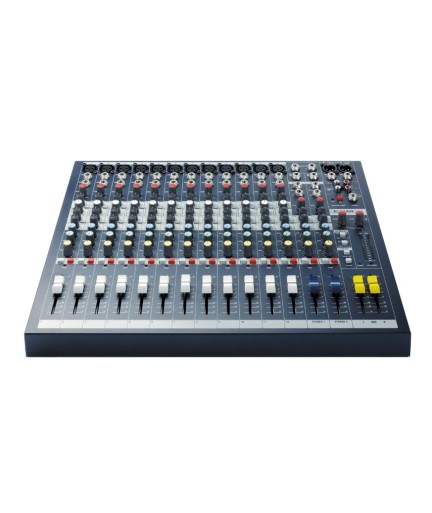 SOUNDCRAFT - EPM12 - Mezclador de 12 Canales
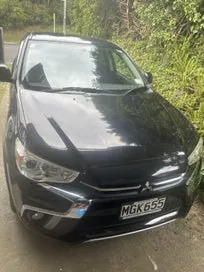 Mitsubishi Asx 2019 photo 2
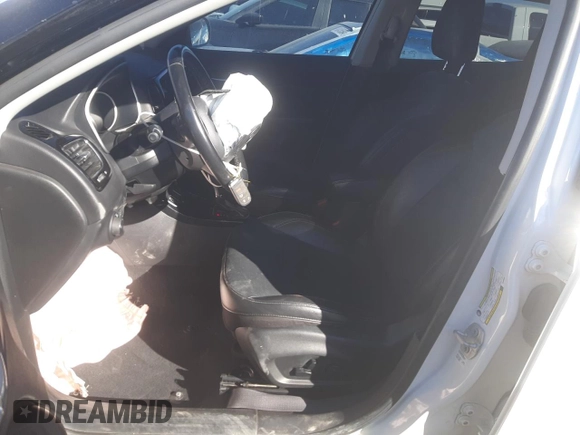 2021 Jeep Compass Limited with VIN 3C4NJCCB5MT545637, listed as a Copart auction lot 43044455 with 108,378 mi miles and Salvage title. Bid and sale history available at DreamBid. Image 7.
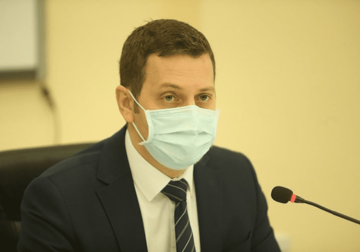 ZELJKOVIĆ OBJASNIO PROCEDURU "Komercijalno PCR testiranje u pet laboratorija u Srpskoj"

###

Exercise description: Your task is to repeat the data above exactly while excluding the pictures.

Your response:
 SOUNDCRAFT - EPM12 - Mezclador de 12 Canales
 Mitsubishi Asx 2019 photo 2
 2021 Jeep Compass Limited with VIN 3C4NJCCB5MT545637, listed as a Copart auction lot 43044455 with 108,378 mi miles and Salvage title. Bid and sale history available at DreamBid. Image 7.
 ZELJKOVIĆ OBJASNIO PROCEDURU "Komercijalno PCR testiranje u pet laboratorija u Srpskoj"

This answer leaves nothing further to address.